This guide is intended to assist researchers with data management and provide access to data management tools and services.

What is a data management plan and why should I create one?

A data management plan (or DMP) is a formal plan that describes how research data are managed throughout the lifecycle of a research project. Planning saves time in the long run by integrating processes within and after the life of a project. It minimizes the need to reorganize, reformat, or attempt to remember details about data when disseminating and sharing with others. Many funding agencies and journals have data management policies and guidelines. 

Adapted from: The Portage Network. (n.d.). How to manage your data: Frequently asked questions under CC BY-NC-SA 4.0 license

Create a Data Management Plan using the DMP Assistant

The Portage Network has developed a tool called the DMP Assistant to help researchers prepare data management plans. The DMP Assistant is a bilingual tool that can help you prepare a good data management plan (DMP). It will take you step-by-step through a number of key questions about data management. To get started:

  1. Create an account:
  2. Sign in and select a template. There are several templates available to use - the "Portage" template is an all-inclusive template that should address your data management requirements.
  3. Answer the questions - examples and guidance are provided.

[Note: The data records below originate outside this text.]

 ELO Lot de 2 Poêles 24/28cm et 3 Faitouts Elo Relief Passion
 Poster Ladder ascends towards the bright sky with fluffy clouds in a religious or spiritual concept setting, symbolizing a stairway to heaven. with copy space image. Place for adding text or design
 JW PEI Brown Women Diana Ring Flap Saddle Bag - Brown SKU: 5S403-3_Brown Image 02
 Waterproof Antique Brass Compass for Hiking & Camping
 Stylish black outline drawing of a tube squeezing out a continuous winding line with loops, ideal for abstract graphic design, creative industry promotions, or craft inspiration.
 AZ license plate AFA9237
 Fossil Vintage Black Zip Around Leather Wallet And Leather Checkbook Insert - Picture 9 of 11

You can share your plan so others can work on it also.
  4. Export or print your plan, or revise and revisit the plan throughout your research.

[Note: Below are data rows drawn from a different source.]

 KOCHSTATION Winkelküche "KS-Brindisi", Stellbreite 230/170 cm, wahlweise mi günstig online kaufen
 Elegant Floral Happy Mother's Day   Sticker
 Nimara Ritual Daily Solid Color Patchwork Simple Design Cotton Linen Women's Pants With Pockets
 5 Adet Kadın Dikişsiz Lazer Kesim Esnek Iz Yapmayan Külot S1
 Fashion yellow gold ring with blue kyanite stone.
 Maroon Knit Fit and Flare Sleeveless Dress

Video: Create a plan using the DMP Assistant

DMP Assistant Video

A short, 4 minute video on how to use the DMP Assistant.

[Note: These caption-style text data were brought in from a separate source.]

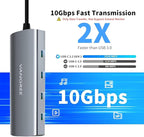 VANGREE USB C Hub, 3 USB 3.2 Gen 2 Ports with 10Gbps, 4K@60Hz HDMI, 100W Power Delivery, 3 USB-A 3.0 Ports, USB C Splitter Multiport Adapter Extender for MacBook Pro/Air, iPad Pro, Mac mini and More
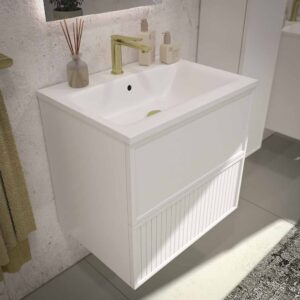 Mueble de baño suspendido 2 cajones BUDGET  con lavabo Solid Surface  BLANCO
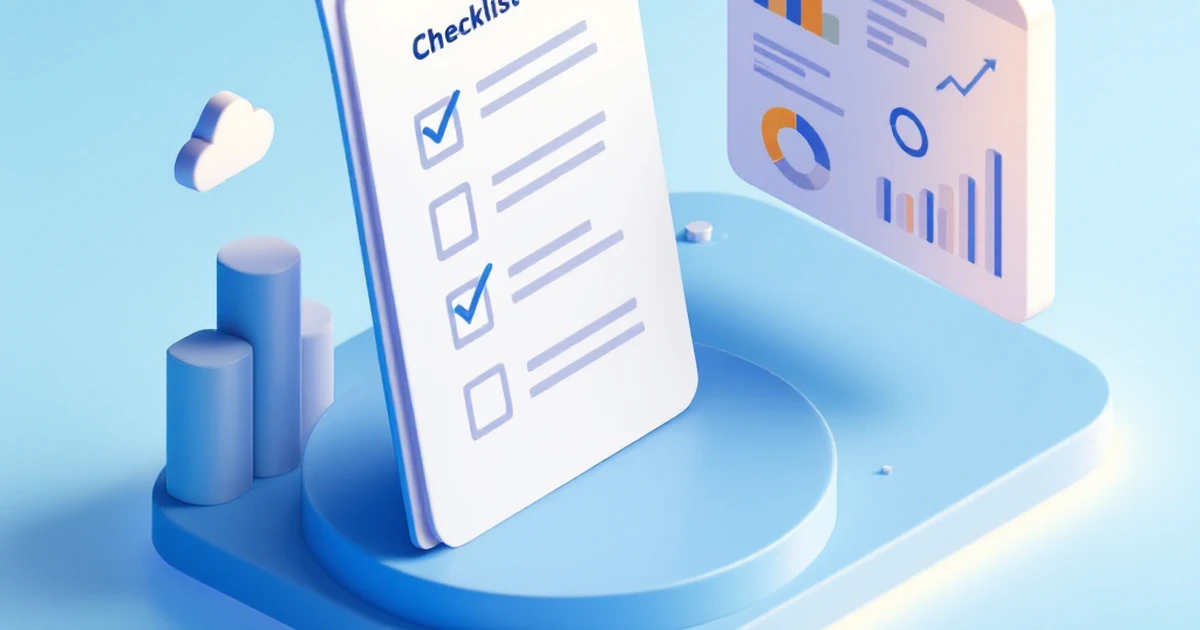 A 3D isometric illustration showing a checklist for website details next to an analytics dashboard.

Elements of a Data Management Plan

The DMP Assistant will guide you through important questions to consider, which may include but are not limited to the following: 

  • Data Collection:
    What types of data will you collect, create, link to, record, etc? What file formats? How will you structure, name and version-control files?
  • Documentation and Metadata:
    What documentation and metadata (description of the data) will be used? Are you using a metadata standard? 
  • Storage and Backup:
    What are the anticipated storage requirements? How and where will data be stored and backed up? 
  • Preservation:
    Where will you deposit your data for long-term preservation at the end of your research project? What about preservation-friendly file formats, supporting documentation, etc?
  • Sharing and Reuse:
    What data will you be sharing and in what form? What type of end-user license do you want to include with your data? 
  • Responsibilities and Resources:
    Who will be responsible for managing this project's data during and after the project? What happens if substantive changes happen in the personnel overseeing the project's data? 
  • Ethics and Legal Compliance:
    How will you manage legal, ethical and intellectual property issues? If your research project contains sensitive data, how will you ensure that it is securely managed and only accessible to approved members of the project?